Por Fabio Serapião, do UOL — Uma escuta da Polícia Federal mostra empresários que forneciam medicamentos para cidades do Rio Grande do Norte detalhando como se dava a “matemática da propina” em Mossoró.
O prefeito de Mossoró (RN), Allyson Bezerra (União), foi um dos alvos da operação Mederi, deflagrada pela PF na terça-feira. Ele é pré-candidato ao governo do estado e lidera as pesquisas de intenção de voto.
A PF usou uma escuta ambiental instalada no escritório da Dismed, uma das empresas investigadas, para avançar na apuração e realizar buscas contra o prefeito.
Nas conversas gravadas, o empresário Oseas Monthalggan Fernandes Costa, sócio da Dismed, fala com um interlocutor sobre a “matemática de Mossoró”.
Após Oseas afirmar que existe na cidade uma ordem de compra de medicamento no valor R$ 400 mil, o interlocutor explica como era feita a divisão dos valores na cidade.
“Desses 400 [mil] ele entrega 200 [mil]. Dos 200, ele vai e pega 30%, 60, então aqui ele comeu 60 [mil]”, diz o empresário.
Em seguida, Oseas continua a explicação e cita o prefeito Bezerra.
“Fica 140 [mil] pra ele entregar 100%. Dos 140 [mil] ele ganha 70 [mil]. 70 com 60 [mil] é meu, R$ 130 mil. Só que dos 130 nós temos que pagar R$ 100 mil a Allyson e a Fátima, que é 10% de Fátima e 15% de Allyson.
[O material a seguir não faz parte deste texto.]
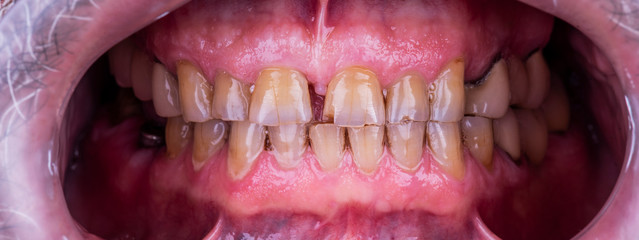 natural teeth before the dental treatment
Só ficou R$ 30 mil para a empresa”, afirma Oseas na conversa.

A PF não identificou quem seria Fátima citada na conversa, mas as apurações apontam para uma funcionária da administração de Mossoró.
A Dismed, entre 2021 e 2025, recebeu cerca de R$ 13,5 milhões da prefeitura de Mossoró relacionados à venda de medicamentos.
“O volume de recursos públicos envolvidos, somado ao volume de dinheiro em espécie sacado pelas empresas, por si só, já constituiria circunstância digna de suspeita acerca da licitude da relação mantida com o ente municipal”, afirma a PF ao pedir busca contra Bezerra.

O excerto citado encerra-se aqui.